An ancient 20-sided die (icosahedron) was discovered in the secret chamber of mystery at Hogwash School of Es-Cue-El. A mysterious symbol was inscribed on each face of the die. The great Wizard of Odds discovered that each symbol represents a number. The great wizard discovered that the die was biased: that is, it was more probable that certain numbers would be displayed than others if the die were used in a game of chance. The great wizard recorded this information in tabular fashion as described below.

Name |
Null? |
Type |

FACE_ID | NOT NULL | INT |

FACE_VALUE | NOT NULL | INT |

PROBABILITY | NOT NULL | REAL |

The great wizard then invited all practitioners of the ancient arts of Es-Cue-El to create an Es-Cue-El spell that displays the probabilities of obtaining various sums when the die is thrown N times in succession in a game of chance, N being a *substitution variable* or *bind variable*. The rules of the competition can be found in the May 2009 issue of the *NoCOUG Journal* and on the Web at **www.nocoug.org/SQLchallenge/FirstSQLchallenge.pdf**.

**The Solutions**

The modus operandi was for each participant to post their solutions on their blog or website; you can find them all with a simple Google search. The first solution—by **Laurent Schneider** from Switzerland—used the *CONNECT BY* clause to join the table to itself N times and the *SYS_CONNECT_BY_PATH* and *XMLQUERY* functions to perform the necessary additions and multiplications. The number of records generated by CONNECT BY grows exponentially and hurts performance.

The second solution—by **Craig Martin** from the USA—used the CONNECT BY clause to join the table to itself N times and logarithms to perform the necessary additions and multiplications. The number of records grows exponentially in this case too.

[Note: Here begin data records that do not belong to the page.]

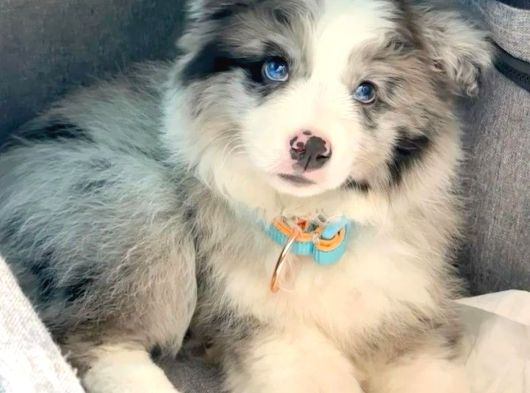 Resmi işletmeden bordercollie yavruları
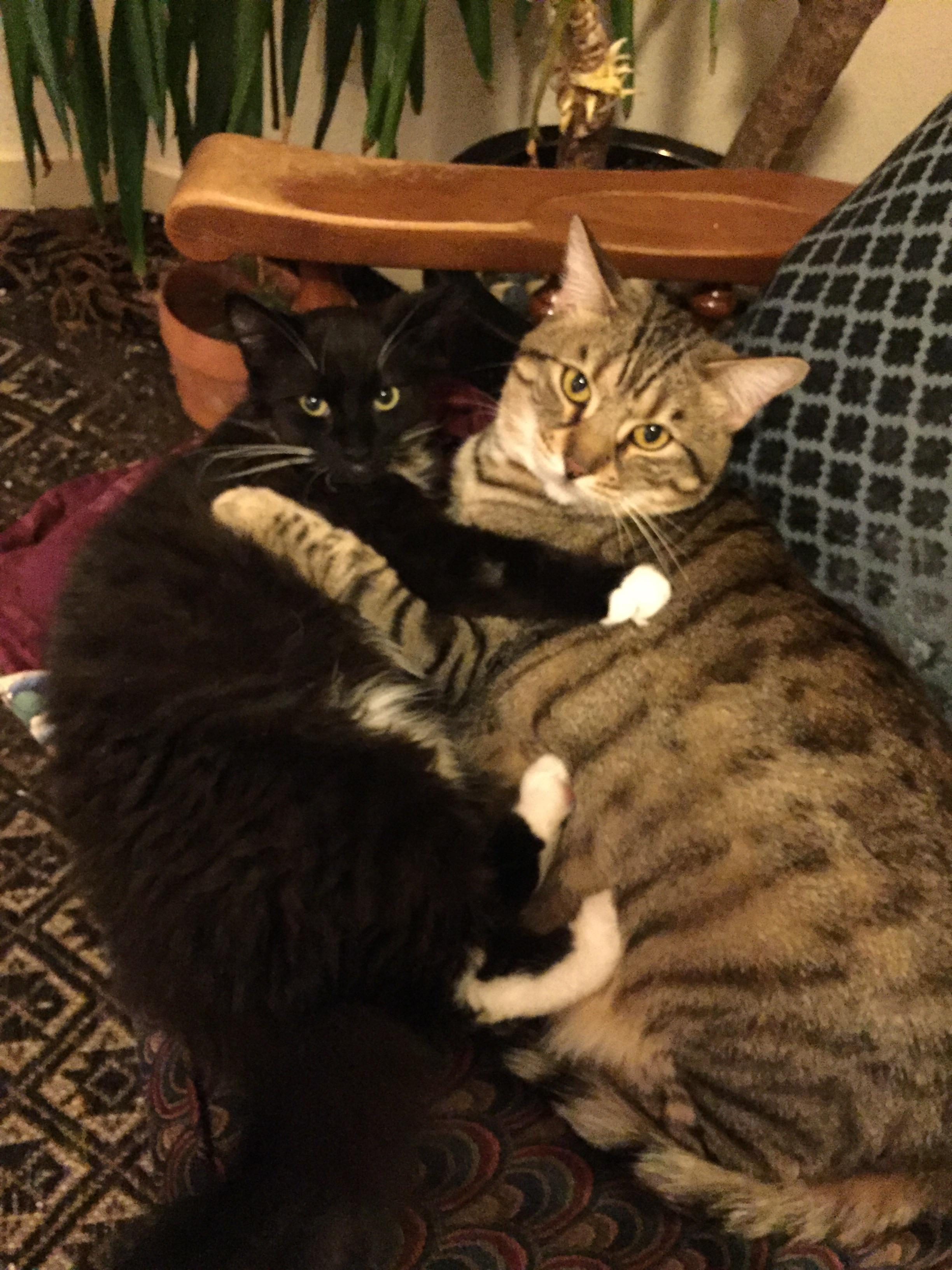 my nerves about bringing a kitten into the house since I have an older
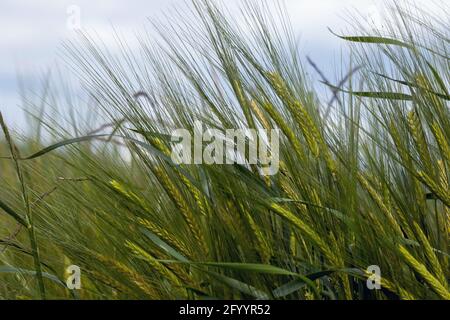 Green wheat field on a sunny day with blue sky. Stock Photo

The third solution—by **Rob van Wijk** from the Netherlands—used the *Model* clause to generate records. The number of records grows exponentially in this case too.

The fourth solution—by **Vadim Tropashko** from the USA—used *recursive common table expressions* to generate records. The number of records grows exponentially in this case too. Recursive common table expressions are available in Microsoft SQL Server and DB2 but are not presently available in Oracle 11*g*R1. Rumor has that they will be available in Oracle Database 11*g*R2.

The fifth and sixth solutions—by **Alberto Dell’Era** from Italy—used advanced mathematical techniques such as *convolutions*, *Discrete Fourier Transforms*, and *Fast Fourier Transforms*. The Fast Fourier Transform method is an efficient way of calculating Discrete Fourier Transforms and was implemented using the Model clause.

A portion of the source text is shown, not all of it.